Cancer Resistant Mouse Provides Possible Cure
Evoluder writes to tell us that scientists at Wake Forest University have found a "cancer resistant mouse" and bred it to make a small army of cancer resistant mice. When transplanting blood from one of these mice to a normal non-resistant mouse they are able to provide "lifetime cancer protection". From the article: "The cancer-resistant mice all stem from a single mouse discovered in 1999. "The cancer resistance trait so far has been passed to more than 2,000 descendants in 14 generations," said Cui, associate professor of pathology. It also has been bred into three additional mouse strains. About 40 percent of each generation inherits the protection from cancer."
Er, gives us a soul? I wasn't aware that the 'soul' was part of our DNA sequence, care to enlighten us heathen atheists as to what scientiffic observations led you in this direction? Also, if my soul is damaged, can I get a transplant donor soul?
- "Scientia non habet inimicum nisp ignorantem"
Thinking of a "cancer gene" is misleading. Imagine a net of rubber bands all knotted togethor. Changing one gene will "stretch a rubber band" differently possibly affect all the other aspects of the organism, often unpredictably.
This cancer gene could be the one that also gives humans a soul. We can't tell with a mouse, of course, because they only speak in pips and squeaks, but scientists should know all the risks involved with creating such a possible genetic enhancement.
You're a moron, Mr. Rifkin. Seriously, though, this is the type of comment that lies outside of answering, outside of science, and beyond reason. You can't win an argument with someone like this, and it's not even worth trying. It's a religious matter. For much of human history, such thoughts set the policies of governments. Then, we discovered reason and science. But the pendulum seems to swinging back the other way again.

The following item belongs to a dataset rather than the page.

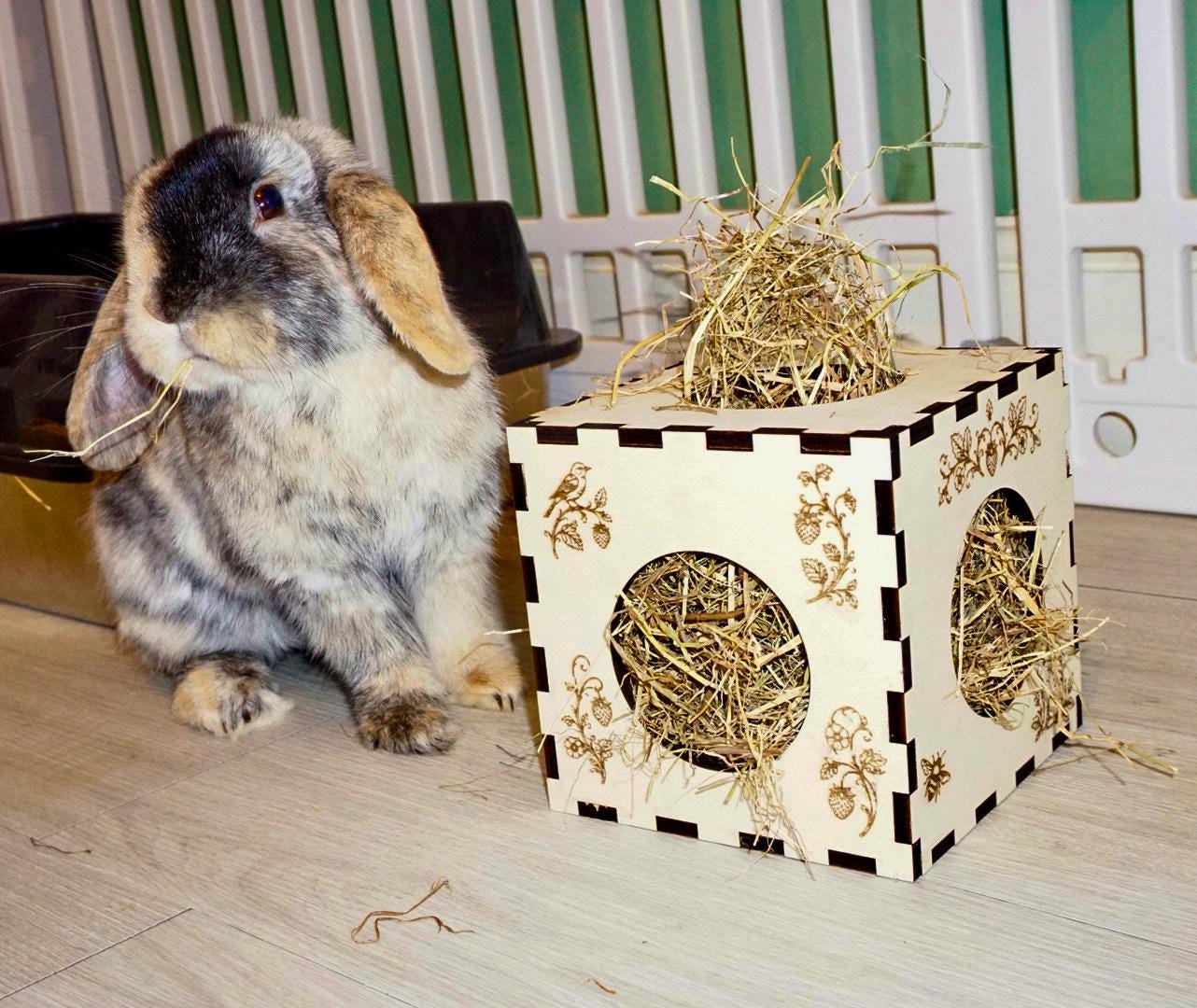 Personalized Hay Cube: Rabbit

I have always held the same skepticism with regard to studies like these as reported by the media for this very reason. What I always wonder about is how many things we miss because mice (or rabbits, or monkeys, etc.) don't respond to them but humans would. I don't know if there is any good answer to this, because we don't want to start testing random crap all willy-nilly on humans, but sometimes I just wonder if we've already passed up that miracle cure.
Perhaps someday we'll have powerful enough computers that we can simulate everything, including synthesis of a new drug for your specific form of cancer that your body will respond to. Of course, 'perhaps someday' will probably be long after I die of whatever cancer I'm going to get.

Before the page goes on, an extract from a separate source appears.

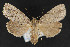  ( - CNCLEP 69860)  @14 [ ] CreativeCommons - Attribution Non-Commercial Share-Alike (2010) Canadian National Collection of Insects, Arachnids and Nematodes Canadian National Collection of Insects, Arachnids and Nematodes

The end of evolution is only a Bad Thing if you consider the capacity to adapt to your environment to be some kind of moral win.
Humans, like a very small few other species, have the capacity to adapt our environment to suit us, rather than the other way around. No need to go through all that painful natural selection when we can build central heating, agriculture, and wheelchair ramps.
Information wants to be anthropomorphized.
A better question would be "Are there cancer resistant humans and we don't know about it?"
I know that that there are no cancers on my mother's side of the family despite heavy smoking , coal mining and high-risk lifestyles. Perhaps there is cancer resistant strains of humans and we just don't know about it.
"Eve of Destruction", it's not just for old hippies anymore...
...but sometimes I just wonder if we've already passed up that miracle cure.
It's possible that a cure is out there in some plant in the Amazon, or as some bacteria found at the bottom of oceans. But there is no "one" cure for cancer. Cancer works in various ways which means there are various ways to kill it. Pharmacology has come a long way in the past 30 years. These days, it's very targetted. You pick a way you want to attack the cancer, and then you create a drug that does it.
For example, there's a protein called Vascular Endothelial Growth Factor (VEGF). Cancer causes the release of VEGF around the tumor that in turn, mediates the growth of new blood vessels around the tumor allowing it to get nourishment and grow. So there are several manners that you can try to prevent this. One manner is to try to prevent the creation and release of VEGF in the first place. Another is that you can "competitively inhibit" VEGF by creating a protein that "looks" like VEGF and binds where VEGF normally binds and causes blood vessel growth, except that your particular strain of protein doesn't actually trigger the growth. But by binding where VEGF normally does, you're inhibiting the VEGF from being able to bind and eventually it will be disposed of.
There are other proteins involved in cancer and other drugs are involved with these proteins. So there are a variety of ways of attacking cancers. The most amazing work along these lines has taken place in the last decade and it's getting better all the time. I suspect it won't be long (a few decades maybe) before cancer is a thing of the past.